* **PROVIDED DATA**
+-------+
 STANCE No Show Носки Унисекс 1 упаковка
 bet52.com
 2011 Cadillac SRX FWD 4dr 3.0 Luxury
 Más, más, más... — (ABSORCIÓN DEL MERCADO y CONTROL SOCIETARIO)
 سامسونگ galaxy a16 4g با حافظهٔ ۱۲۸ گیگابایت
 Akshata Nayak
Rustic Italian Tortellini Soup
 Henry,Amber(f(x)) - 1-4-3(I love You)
+-------+
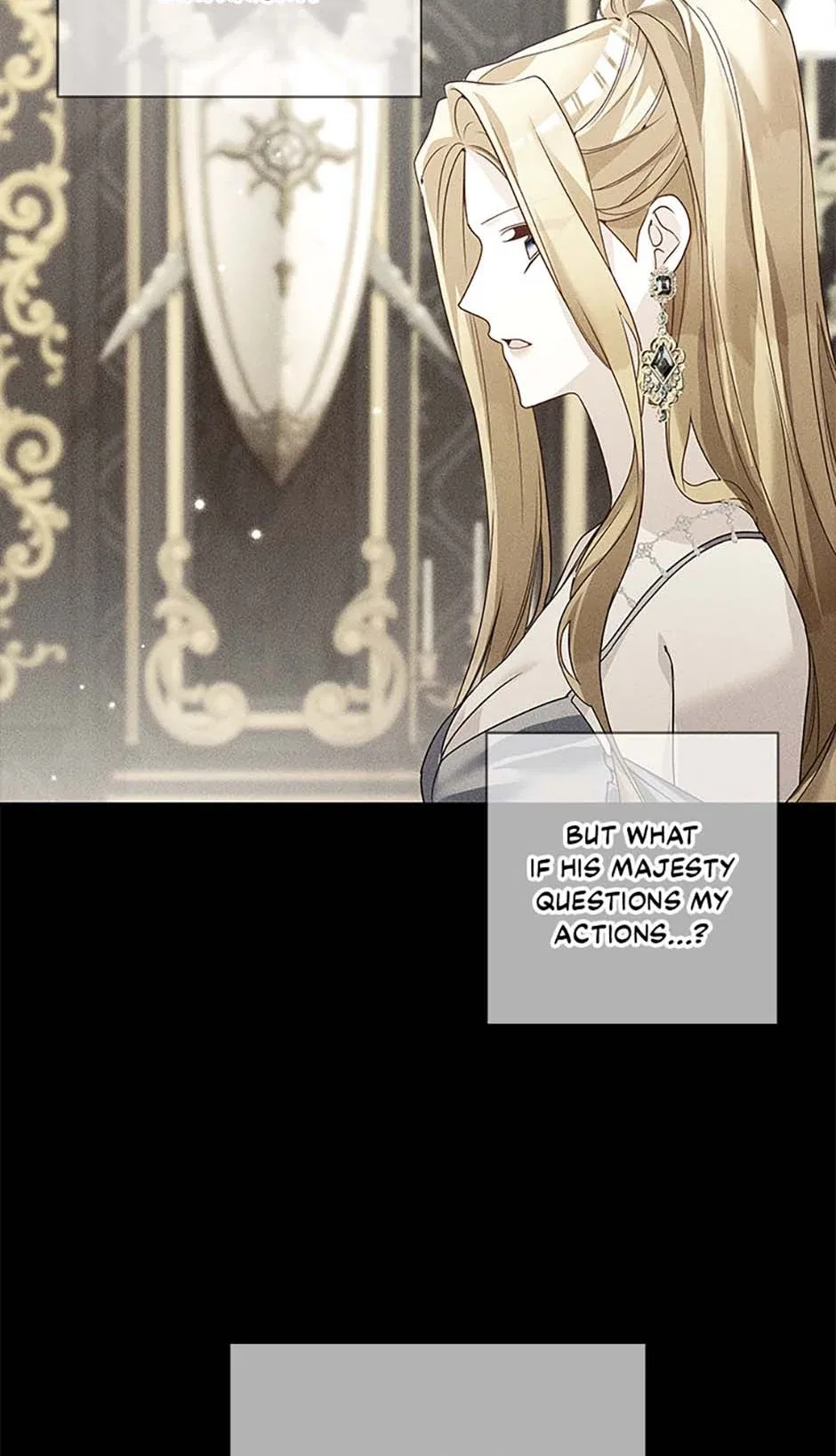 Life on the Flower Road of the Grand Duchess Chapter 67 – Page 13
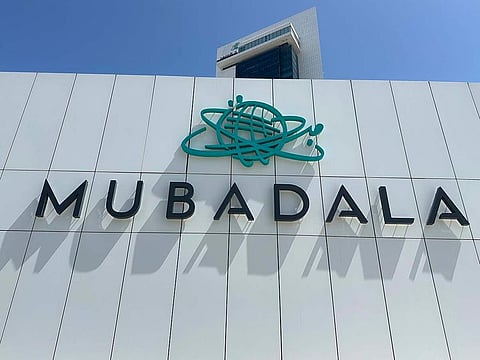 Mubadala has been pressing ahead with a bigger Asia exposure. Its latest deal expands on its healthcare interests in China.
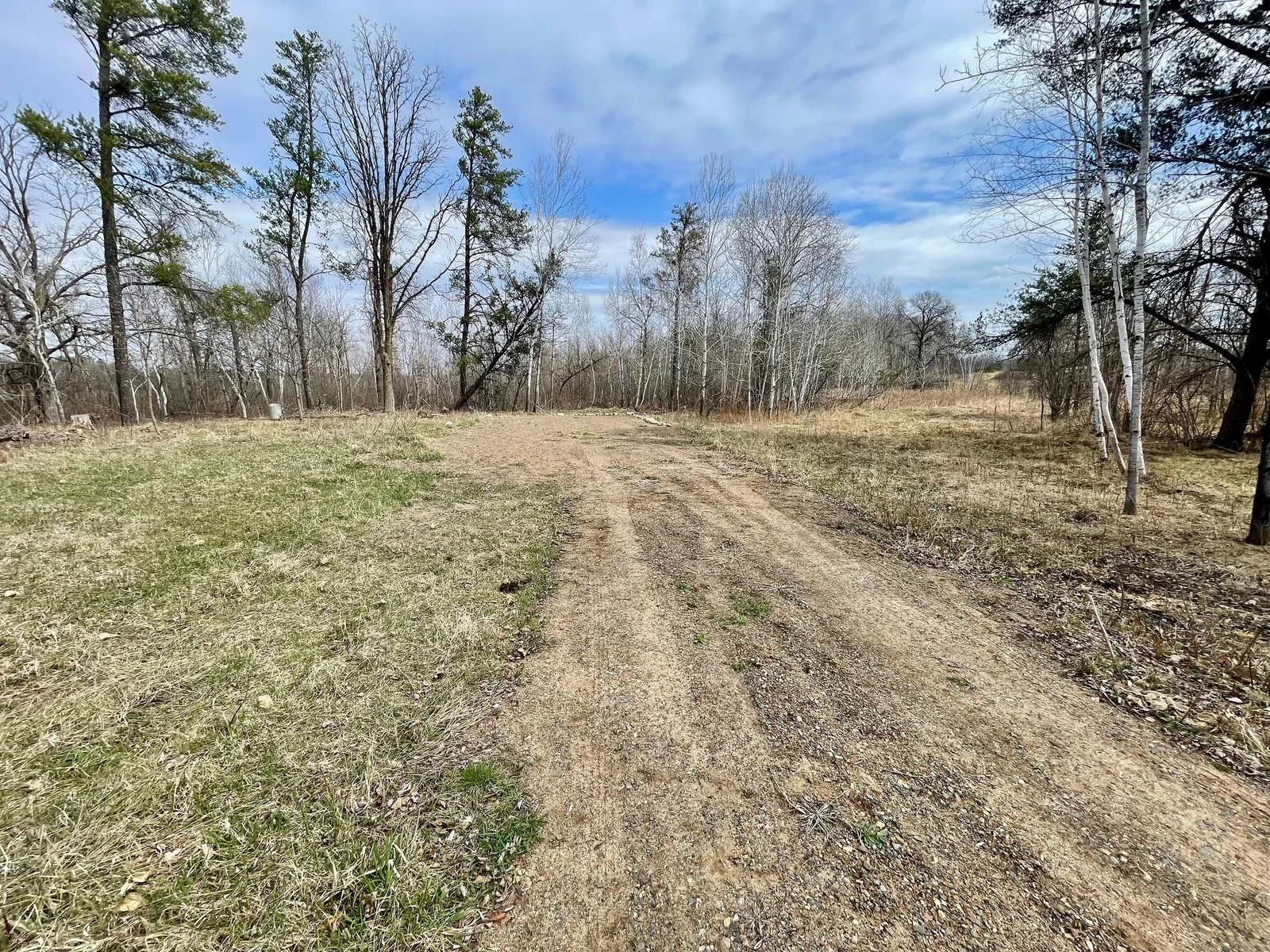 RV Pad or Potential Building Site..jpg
+-------+
* **TASK PROMPT**
All that belongs in the answer is the run of lines above from the line containing "STANCE No Show Носки Унисекс 1 упаковка" through the line containing "Henry,Amber(f(x)) - 1-4-3(I love You)", exactly as written.

* **OUTPUT OF THE EXERCISE**
 STANCE No Show Носки Унисекс 1 упаковка
 bet52.com
 2011 Cadillac SRX FWD 4dr 3.0 Luxury
 Más, más, más... — (ABSORCIÓN DEL MERCADO y CONTROL SOCIETARIO)
 سامسونگ galaxy a16 4g با حافظهٔ ۱۲۸ گیگابایت
 Akshata Nayak
Rustic Italian Tortellini Soup
 Henry,Amber(f(x)) - 1-4-3(I love You)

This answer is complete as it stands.